Lázaro também chama nossa atenção para uma forma muito comum de incoerência moral: o comportamento tirânico no ambiente doméstico. Quantos se mostram educados e afáveis fora de casa, mas, no lar, tornam-se autoritários, impacientes e dominadores? Muitas vezes, isso ocorre porque não ousam agir assim em público, onde seriam repreendidos, mas se sentem à vontade para impor sua vontade àqueles que não podem reagir.
Essa postura revela não força, mas fraqueza moral. Quem precisa impor medo para ser obedecido ainda não aprendeu a amar. O verdadeiro respeito nasce da justiça, da compreensão e do exemplo, não da imposição. Como nos alerta o texto, podem até dizer: “Aqui mando e sou obedecido”, mas ignoram que, muitas vezes, são apenas temidos — e, intimamente, detestados.

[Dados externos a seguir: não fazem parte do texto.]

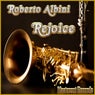 Rejoice (Delirious Sax Mix)
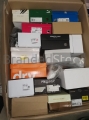 241757892_1010282676475753_2609357643731675236_n.jpg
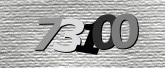 Imej captcha
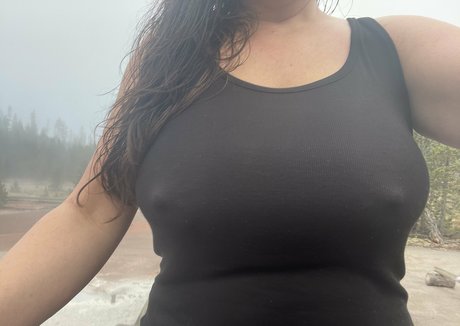 anal dildo onlyfans sexy nude galleries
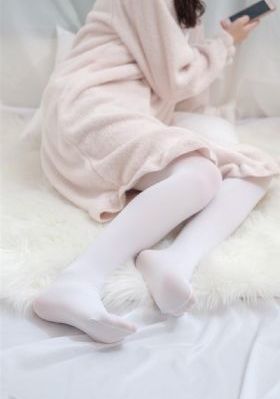 秋霞欧美一区二区三区视频免费_HD超清在线观看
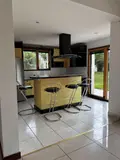 Maison a vendre Plabennec 29860 Finistère 29 265 m2 6 pièces 512000 euros 29162/5 014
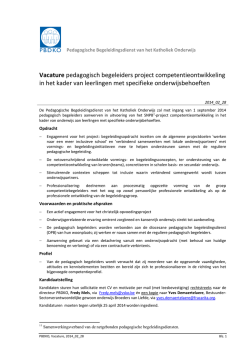 download - Broeders van Liefde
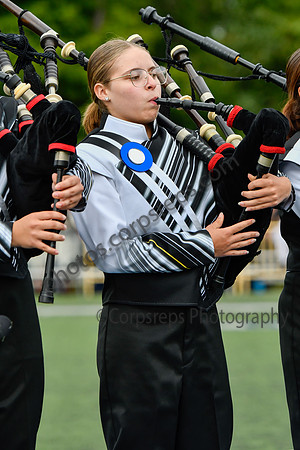 West Milford_20260919_Jefferson-TLM0056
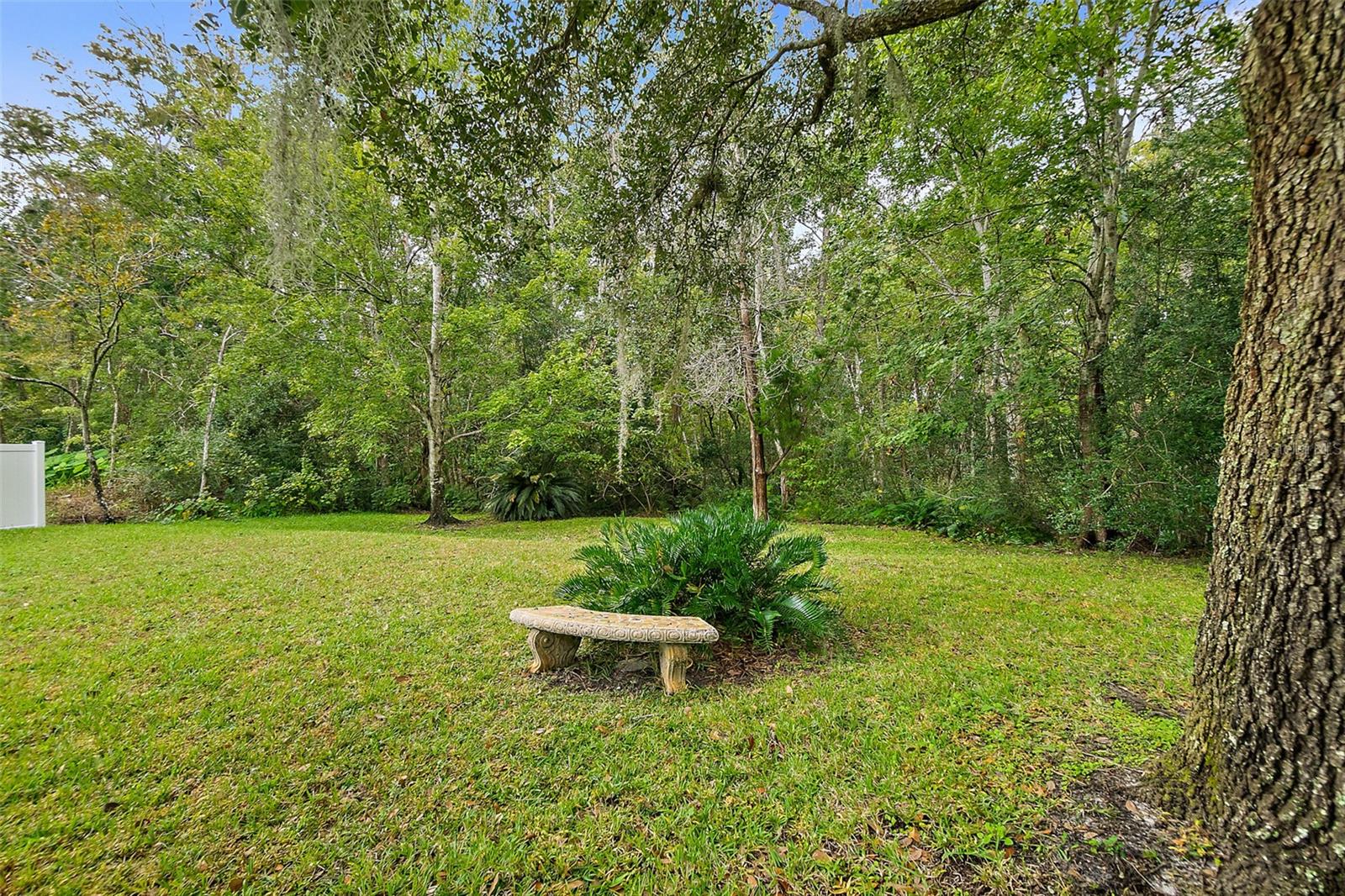 QUAIL HOLLOW - Residential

O ensinamento central desta instrução é claro: não basta que dos lábios manem leite e mel. Palavras doces, quando não acompanham sentimentos elevados, tornam-se hipocrisia. A afabilidade verdadeira é constante, não seletiva. Ela se manifesta tanto na convivência social quanto na intimidade do lar, tanto diante dos elogios quanto diante das dificuldades.
O Espírito verdadeiramente afável é o mesmo em todos os lugares. Não representa papéis, não usa máscaras. Age com sinceridade, porque sabe que pode até enganar os homens pelas aparências, mas a Deus ninguém engana. O Pai vê o coração, não os gestos exteriores.
Essa lição nos convida a uma reflexão íntima e sincera:
Como temos tratado aqueles que convivem mais de perto conosco?
Nossa doçura resiste às contrariedades do dia a dia?
Somos gentis apenas quando tudo vai bem, ou também quando somos contrariados?
Cultivar a afabilidade e a doçura é um exercício diário de vigilância e reforma íntima. É escolher responder com calma onde antes reagiríamos com irritação; é substituir a crítica pelo entendimento; é trocar a dureza pela compaixão.
Que possamos, com o auxílio de Jesus, alinhar o que dizemos com o que sentimos, fazendo da afabilidade não um verniz social, mas o reflexo sincero de um coração em processo de iluminação.